Schwarzenegger Rode Motorcycle Without License
California governor Arnold Schwarzenegger was driving a motorcycle without a license when he was involved in a minor accident over the weekend.
Gov. Arnold Schwarzenegger was riding his motorcycle illegally over the weekend when he collided with a car in his Los Angeles neighborhood, police said Tuesday. Los Angeles Police Lt. Paul Vernon said Schwarzenegger does not have the proper endorsement on his California driver’s license to operate a motorcycle.
Vernon said police did not ticket the governor for a violation because they arrived after the accident, which caused Schwarzenegger to suffer a cut on his upper lip that required 15 stitches. Instead, officers referred their findings to the Los Angeles city attorney’s office, which will determine whether the governor should be cited for an infraction. Driving a motorcycle without the proper license can result in fines ranging from $100 to $250 or more. City attorney spokesman Jonathan Diamond said the office had not received the LAPD report.
Earlier Tuesday, Schwarzenegger acknowledged that he never bothered to obtain a motorcycle license because he “never thought about it.” “I just never really applied for it,” he told reporters during a state budget briefing. “It was just one of those things that I never really did.”

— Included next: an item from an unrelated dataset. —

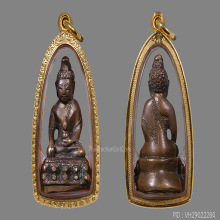 พระกริ่ง น้ำท่วม วัดสุทัศน์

Schwarzenegger, a Harley Davidson owner who rides regularly along the California coast, said he had a motorcycle license when he lived in Europe, but never got another one after arriving in the United States in 1968. Schwarzenegger spokeswoman Margita Thompson, acting on initial information Sunday, said she believed the governor’s basic Class C driver’s license allowed him to ride the motorcycle with its sidecar attached. His 12-year-old son, Patrick, who was riding in a sidecar, was unhurt after Sunday’s crash.
It’s not inconceivable that Schwarzenegger didn’t realize that his automobile driver’s license didn’t allow him to operate a motorcycle. In many states, it would. Still, one would think that, having lived in California for nearly forty years, he would have stumbled on that nugget of information.
Update: Gaijin Biker notes something in the article that I either missed or has been added since I posted (AP articles can change repeatedly without any annotation):
But while police determined that the governor had violated a traffic law, other agencies disagreed, citing different sections of the state vehicle code.
Spokesmen for the California Highway Patrol and state Department of Motor Vehicles said the governor’s basic Class C license allowed him to ride the motorcycle with its sidecar attached.
It strikes me as odd that riding a motorcycle with a sidecar requires no test while riding without does, but it may well be that the sidecar technically transforms it into a four-wheeled vehicle.